What the task asks - Give again exactly the lines that run from the start of the records to the line holding "Decorative Buckle Tote", both ends counted. Do not include the pictures.

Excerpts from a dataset
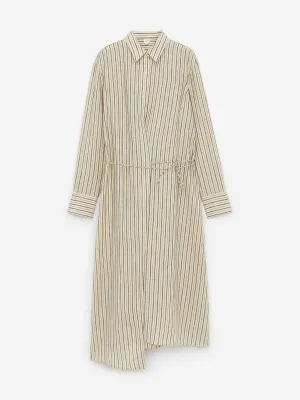 Wrap-Detail Linen Dress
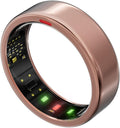 POBOVi Smart Ring - Sleep, Fitness, Stress & Heart Rate Tracker - 5-Day Battery Life | Wireless Charging, iOS & Android Compatible (Rose Gold, Size 7)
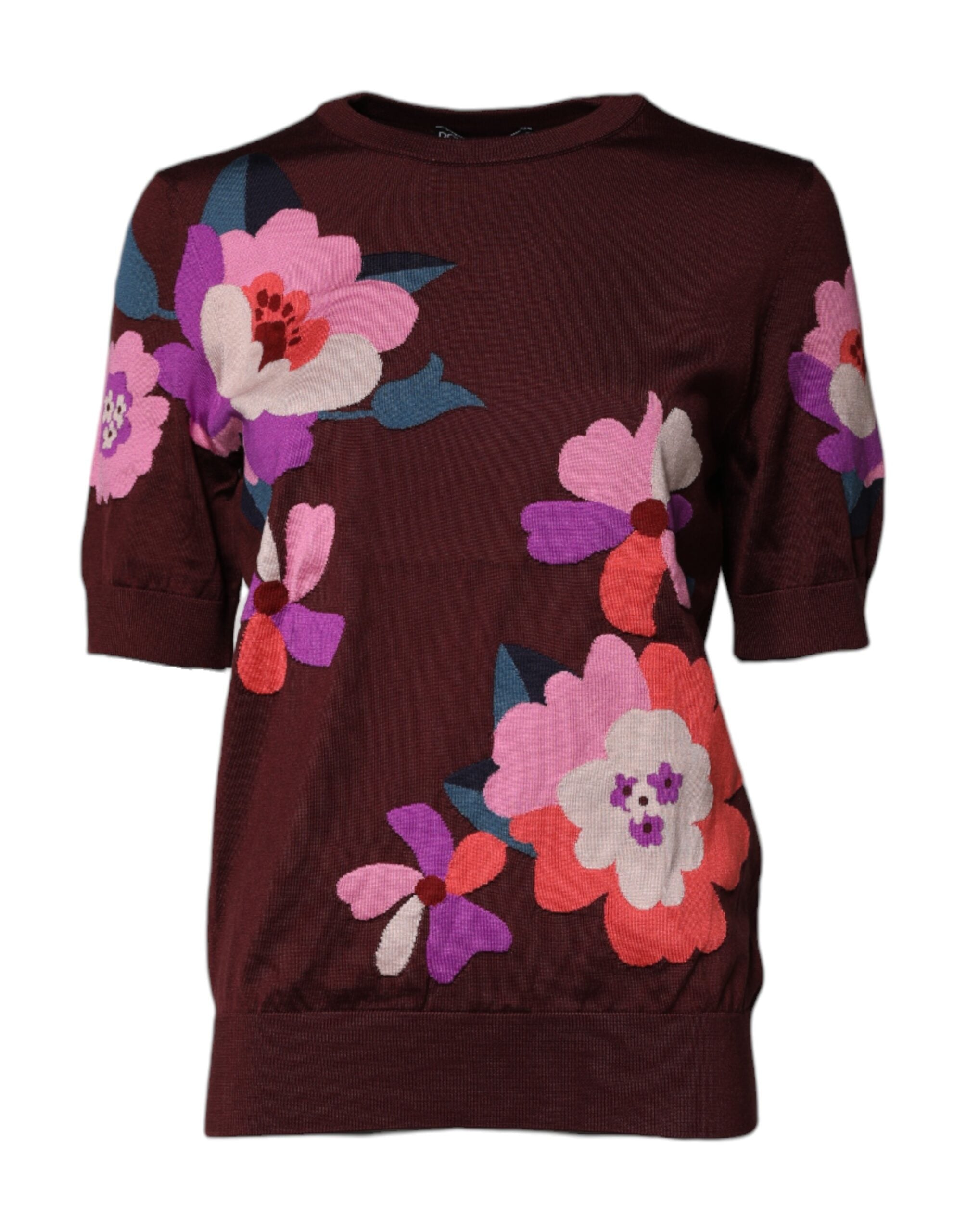 Dolce & Gabbana Maroon Floral Silk Crew Neck Blouse Women's Top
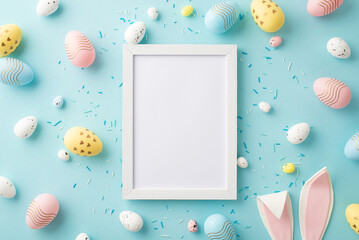 Wall Mural - Easter concept. Top view photo of photo frame yellow white blue pink eggs easter bunny ears and sprinkles on isolated pastel blue background with empty space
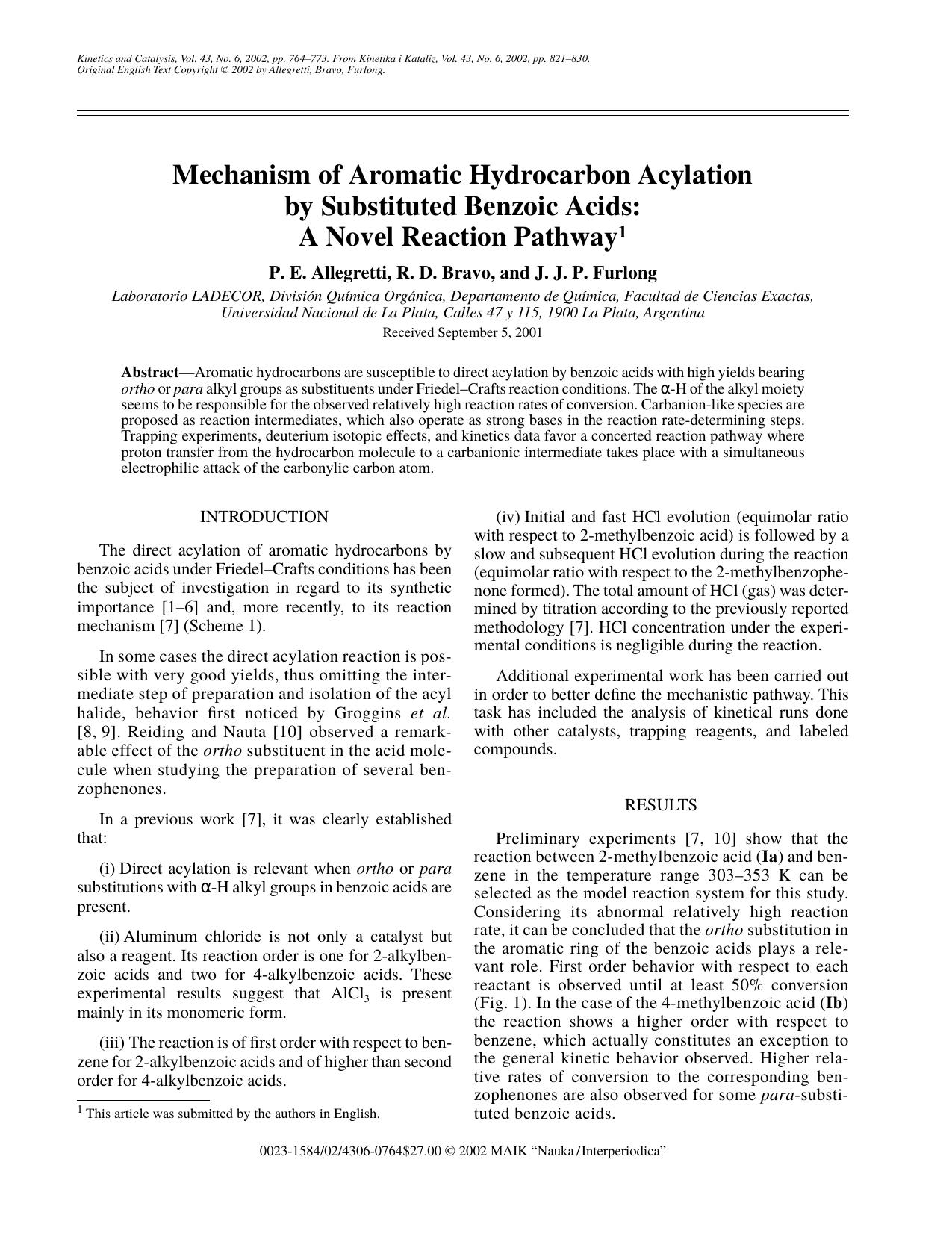 Mechanism of Aromatic Hydrocarbon Acylation by Substituted Benzoic Acids: A Novel Reaction Pathway by Unknown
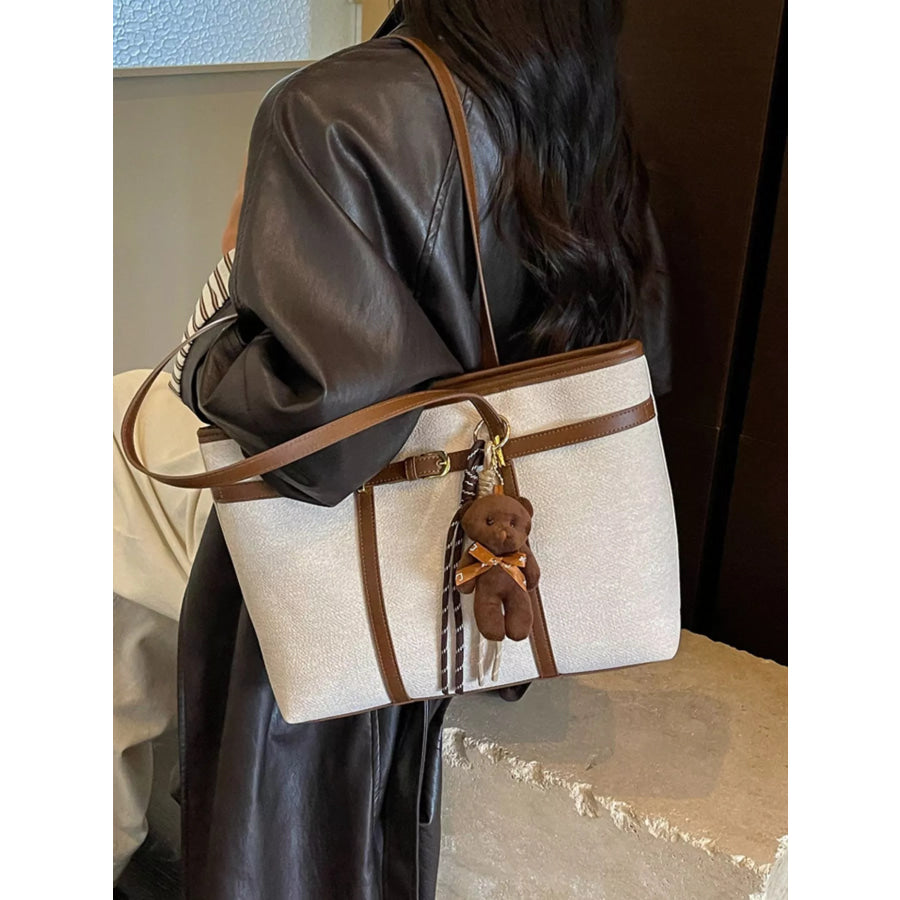 Decorative Buckle Tote Bag Off-white / One Size Apparel and Accessories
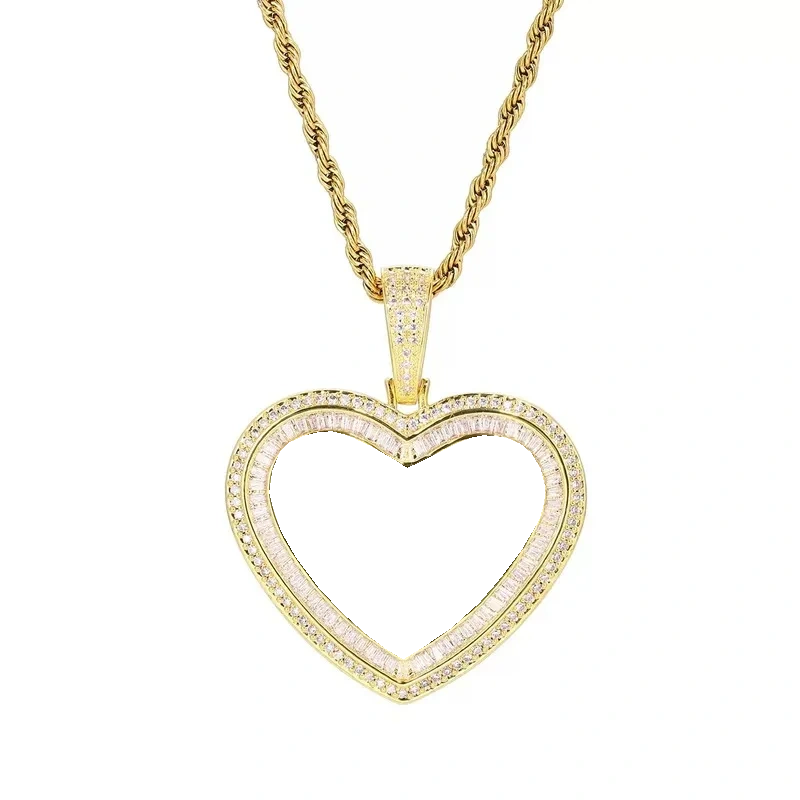 18K Gold Custom Photo Heart T-Shaped Diamond Pendant - 42mm
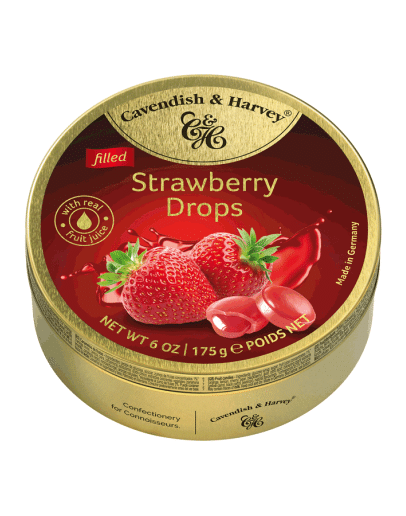 CAVENDISH & HARVEY STRAWBERRY DROPS TINS (175GMS)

Completed task -
 Wrap-Detail Linen Dress
 POBOVi Smart Ring - Sleep, Fitness, Stress & Heart Rate Tracker - 5-Day Battery Life | Wireless Charging, iOS & Android Compatible (Rose Gold, Size 7)
 Dolce & Gabbana Maroon Floral Silk Crew Neck Blouse Women's Top
 Wall Mural - Easter concept. Top view photo of photo frame yellow white blue pink eggs easter bunny ears and sprinkles on isolated pastel blue background with empty space
 Mechanism of Aromatic Hydrocarbon Acylation by Substituted Benzoic Acids: A Novel Reaction Pathway by Unknown
 Decorative Buckle Tote Bag Off-white / One Size Apparel and Accessories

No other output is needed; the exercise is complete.